Among the entries below, find the line with "Mohd Razwil Abdullah", then quote it and each following line up to and including the line with "A TBM 930 aircraft", and nothing else.
------------------------------------------------------------
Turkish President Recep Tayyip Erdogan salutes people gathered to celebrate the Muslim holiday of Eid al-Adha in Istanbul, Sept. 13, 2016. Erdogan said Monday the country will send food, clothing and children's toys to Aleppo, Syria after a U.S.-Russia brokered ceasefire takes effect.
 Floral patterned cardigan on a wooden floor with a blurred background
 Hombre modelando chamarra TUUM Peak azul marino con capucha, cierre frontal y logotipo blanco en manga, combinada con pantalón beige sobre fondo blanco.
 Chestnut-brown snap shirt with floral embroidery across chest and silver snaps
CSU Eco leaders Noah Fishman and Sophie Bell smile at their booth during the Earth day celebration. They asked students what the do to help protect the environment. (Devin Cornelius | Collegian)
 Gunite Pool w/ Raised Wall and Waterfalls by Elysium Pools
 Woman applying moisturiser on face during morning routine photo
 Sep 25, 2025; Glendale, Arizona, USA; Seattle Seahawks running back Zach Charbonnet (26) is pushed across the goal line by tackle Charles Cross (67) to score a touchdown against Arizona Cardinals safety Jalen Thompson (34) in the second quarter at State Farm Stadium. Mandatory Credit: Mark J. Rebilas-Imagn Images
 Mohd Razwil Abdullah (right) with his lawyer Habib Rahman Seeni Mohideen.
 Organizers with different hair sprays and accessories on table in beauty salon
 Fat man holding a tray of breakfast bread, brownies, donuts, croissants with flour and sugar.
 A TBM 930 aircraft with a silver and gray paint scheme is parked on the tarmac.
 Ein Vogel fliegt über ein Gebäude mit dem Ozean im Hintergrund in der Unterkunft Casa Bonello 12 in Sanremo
------------------------------------------------------------
OUTPUT FOR THIS TASK
 Mohd Razwil Abdullah (right) with his lawyer Habib Rahman Seeni Mohideen.
 Organizers with different hair sprays and accessories on table in beauty salon
 Fat man holding a tray of breakfast bread, brownies, donuts, croissants with flour and sugar.
 A TBM 930 aircraft with a silver and gray paint scheme is parked on the tarmac.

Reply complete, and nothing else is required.